The fact that the president has chosen Clapper to hand pick the members of the panel exposes as a fraud his pretense of making the programs more “transparent” and insuring against “abuses.” The panel is part of an effort to placate popular opposition to the wholesale, unconstitutional violation of privacy rights and to further institutionalize police state methods of surveillance of the American people.
In his press conference, Obama defended programs that include the warrantless seizure of the telephone records of all calls made in the US and the collection of virtually all Internet communications. He outright lied, claiming that these and other forms of electronic snooping do not involve eavesdropping on the content of phone calls or emails.

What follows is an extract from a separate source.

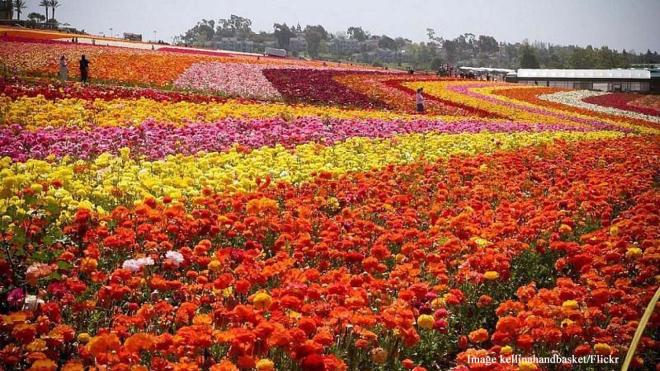 Carlsbad Flower Fields - 5704 Paseo Del Norte Carlsbad, California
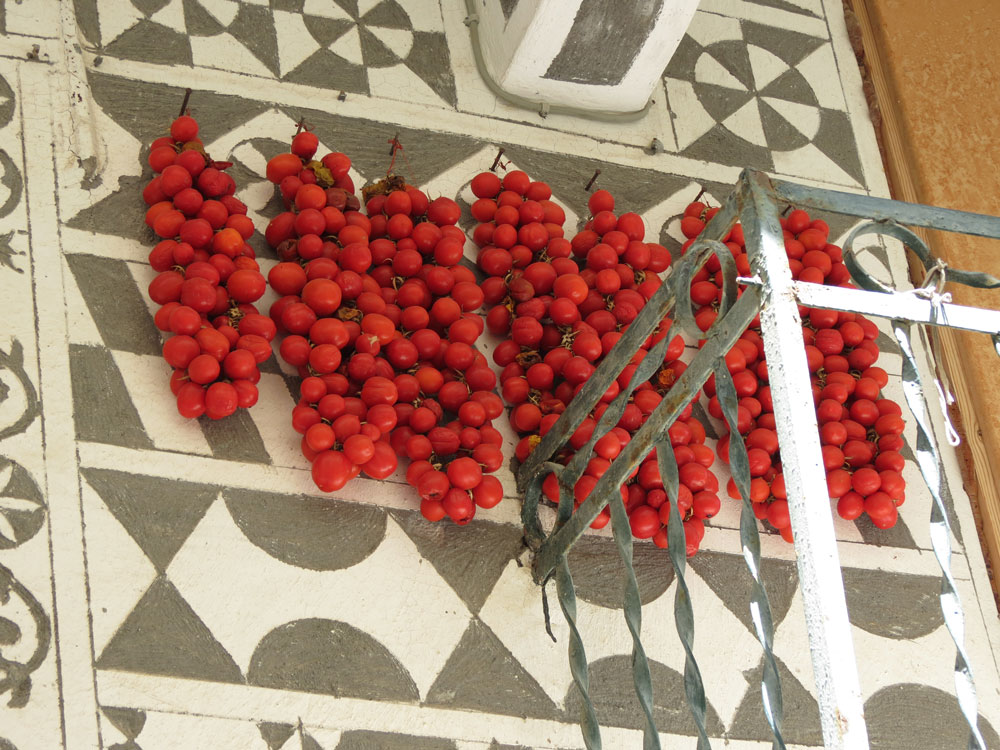Pirgi Köyü'nde  kurutulan domatesler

Obama contended that there is nothing wrong with programs that directly and unambiguously violate both the letter and the spirit of the Constitution’s Bill of Rights—which he is sworn to uphold. Rather, Obama said, the problem was a popular misconception, resulting from Snowden’s leaking of secret documents, that these programs were being “abused.”

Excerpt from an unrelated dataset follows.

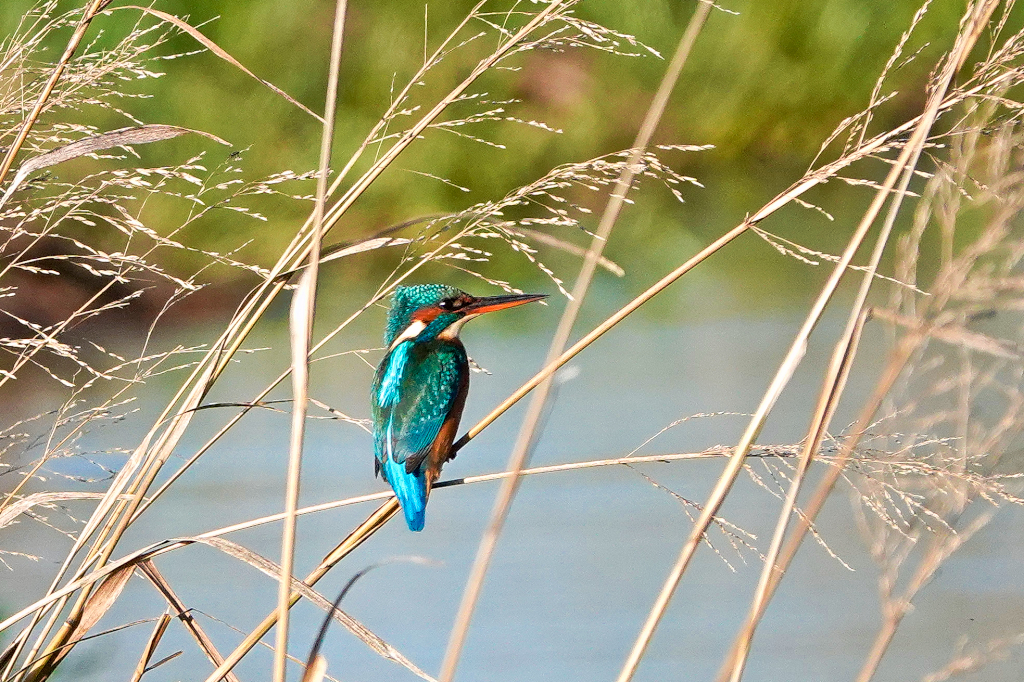 A kingfisher resting on a grass stem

Under the cover of meaningless measures designed to restore popular “trust” in the spy agencies, Obama made clear that the mass surveillance of the American people as well as people around the world will continue.
In its memo tasking Clapper with the establishment of the review group, the White House wrote that its purpose would be to “assess whether, in light of advancements in communications technologies, the United States employs its technical collection capabilities in a manner that optimally protects our national security and advances our foreign policy, while appropriately accounting for other policy considerations, such as the risk of unauthorized disclosure and our need to maintain the public trust.”
The memo makes clear that the purpose of the panel is to tighten the surveillance programs and make them even more immune to popular inspection. Its chief task will be to recommend ways of preventing future disclosures such as those made by Snowden. The words “independent” and “outside,” which Obama used to describe the review group at his press conference, are nowhere to be found.
The NSA is already taking dramatic steps to prevent leaks of its illegal operations. Last week, NSA Director Keith Alexander told a cyber security conference in New York that the agency was firing 90 percent of its system administrators, the position that had been held by Snowden while he worked as a contractor at the NSA.
Clapper released a statement confirming the creation of the review group on Monday that makes its anti-democratic character even more explicit. “At the direction of the president,” Clapper wrote, “I am establishing the Director of National Intelligence Review Group on Intelligence and Communications Technologies to examine our global signals-intelligence collection and surveillance capability.”
That Clapper should be named to appoint a panel whose ostensible purpose is to address public concerns about mass spying expresses unbridled cynicism and contempt for the intelligence of the American people. The director of national intelligence notoriously lied under oath during a Senate hearing in March when asked directly whether NSA programs tracked the communications of millions of Americans. “No sir,” Clapper replied.
After further revelations of pervasive snooping on the population, Clapper admitted to lying to Congress. Not a single prominent Democrat or Republican has called for any sanctions against the top intelligence officer for perjuring himself before Congress and the American people, let alone demand that he be impeached and prosecuted.
The NSA recently claimed that it “touches” only 1.6 percent of internet traffic. This statement is intentionally deceptive. In the US, communications account for only 2.9 percent of traffic, so a 1.6 percent interception rate is sufficient to capture more than half of all communications.
In its article “NSA ‘touches’ more of Internet than Google,” ars technica wrote that the NSA “touches” 29.21 petabytes of data per day, processing data at a higher rate than the New York International Internet Exchange, Seattle Internet Exchange, and CoreSite-Any2 Exchange combined. Taken together, the programs mounted by the NSA suck up detailed data on virtually every person on earth who uses a computer or a telephone.
As the Guardian wrote in a recent article, “If you emailed a friend, family member or colleague overseas today (or if, from abroad, you emailed someone in the US), chances are that the NSA made a copy of that email and searched it for suspicious information.”